[Directions for this task]
Reproduce verbatim all of the data given below, but do not carry over the images.

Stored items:
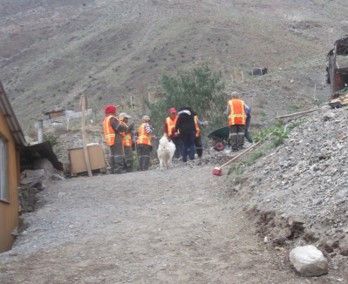 Emergencia Aluvión de Atacama (Alto del Carmen), foto 31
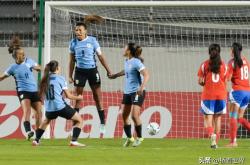 开云体育中国-美国女足压倒日本，晋级美洲杯四强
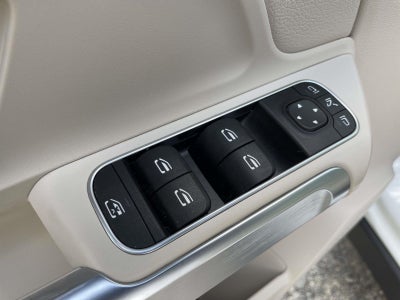 2022 Mercedes-Benz GLB GLB 250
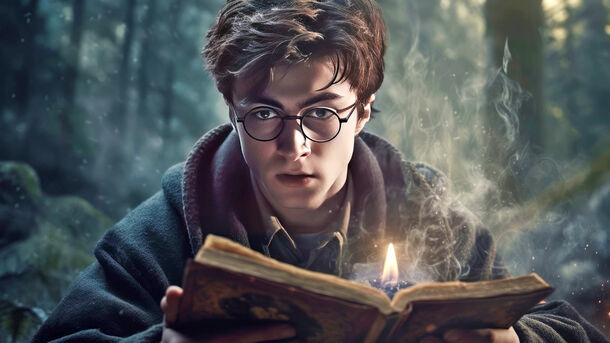 New Harry Potter TV Show Update Instills Hope It Might Actually Follow the Books New Harry Potter TV Show Update Instills Hope It Might Actually Follow the Books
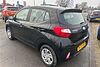 Hyundai I10 1.0 MPi SE 5dr Black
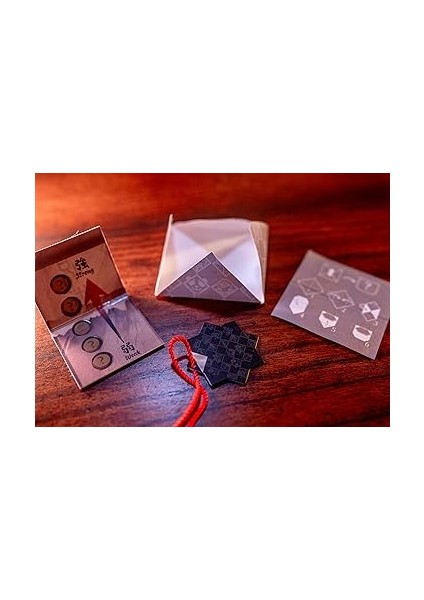 Toys Jujutsu Kaısen Kapsül indirimleri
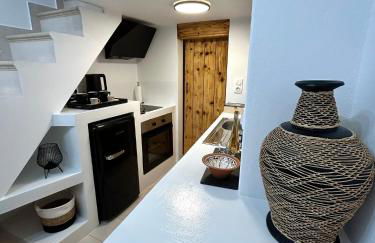 Babatseratsi skyrian studio 2 - Photo 9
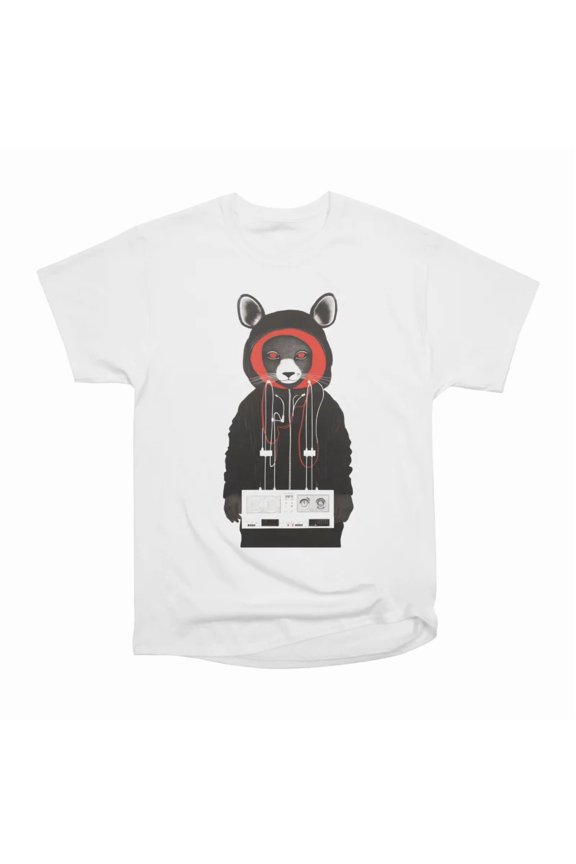 Mouse Mix T-Shirt Tee Gift For Him Merch For Her Apparel For Friend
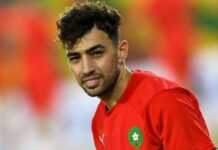 Munir El Haddadi : « J’ai dit à Luis Enrique que je suis Marocain » Munir El Haddadi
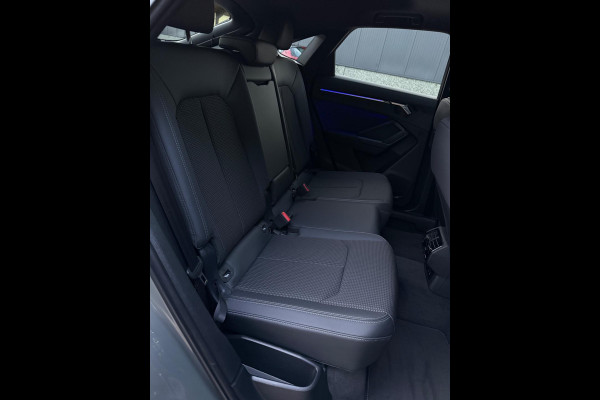 Audi Q3 Sportback 45 TFSI e 3x S-Line Panorama Camera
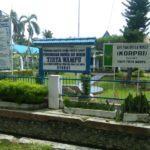 PDAM Tirta Wampu, Anggota DPRD Enggan Berkomentar Pemusnahan Water Meter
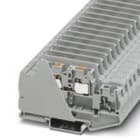 Phoenix Contact - PTTB 4-L 1000V - PTTB 4-L 1000V - Bloc de jonction double étage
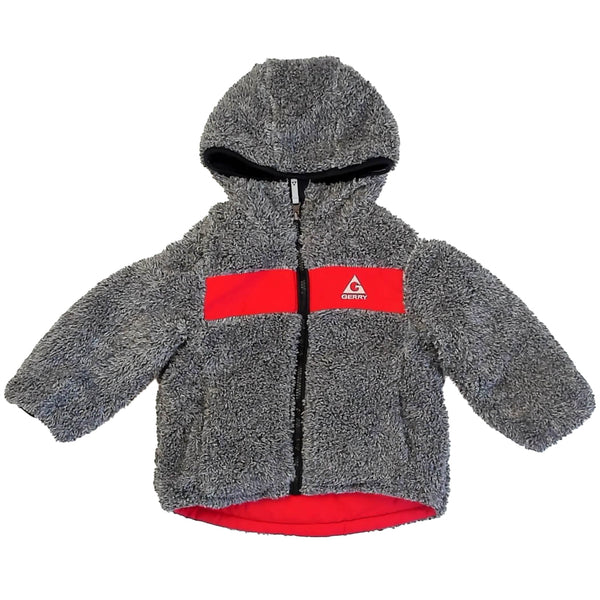 Gerry 3T Red | Black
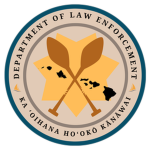 Hawaii Department of Law Enforcement 「HDLE」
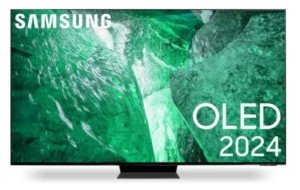 Телевизор Samsung OLED QE83S90DA Телевизор Samsung OLED QE83S90DA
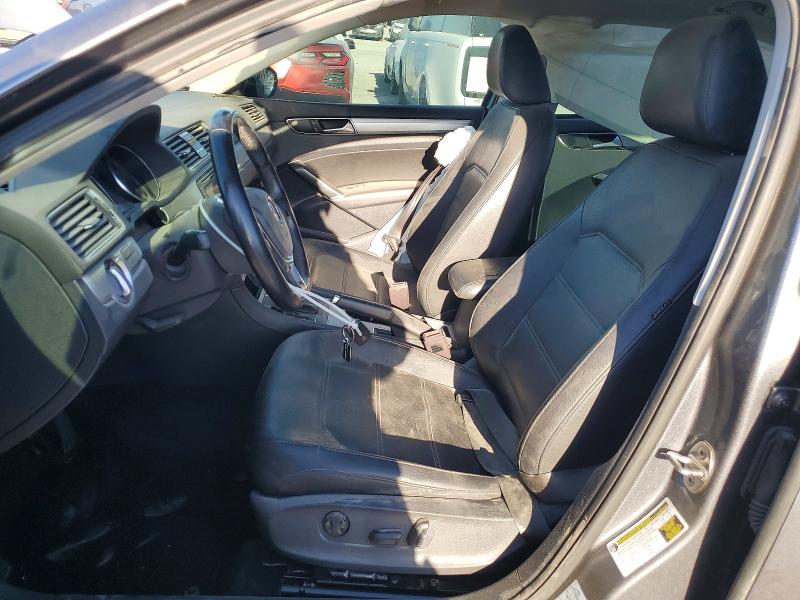 Продаж на аукціоні авто 2019 Volkswagen Passat, vin: 1VWLA7A39KC002386, номер лоту: 49182636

[Task response]
 Emergencia Aluvión de Atacama (Alto del Carmen), foto 31
 开云体育中国-美国女足压倒日本，晋级美洲杯四强
 2022 Mercedes-Benz GLB GLB 250
 New Harry Potter TV Show Update Instills Hope It Might Actually Follow the Books New Harry Potter TV Show Update Instills Hope It Might Actually Follow the Books
 Hyundai I10 1.0 MPi SE 5dr Black
 Toys Jujutsu Kaısen Kapsül indirimleri
 Babatseratsi skyrian studio 2 - Photo 9
 Mouse Mix T-Shirt Tee Gift For Him Merch For Her Apparel For Friend
 Munir El Haddadi : « J’ai dit à Luis Enrique que je suis Marocain » Munir El Haddadi
 Audi Q3 Sportback 45 TFSI e 3x S-Line Panorama Camera
 PDAM Tirta Wampu, Anggota DPRD Enggan Berkomentar Pemusnahan Water Meter
 Phoenix Contact - PTTB 4-L 1000V - PTTB 4-L 1000V - Bloc de jonction double étage
 Gerry 3T Red | Black
 Hawaii Department of Law Enforcement 「HDLE」
 Телевизор Samsung OLED QE83S90DA Телевизор Samsung OLED QE83S90DA
 Продаж на аукціоні авто 2019 Volkswagen Passat, vin: 1VWLA7A39KC002386, номер лоту: 49182636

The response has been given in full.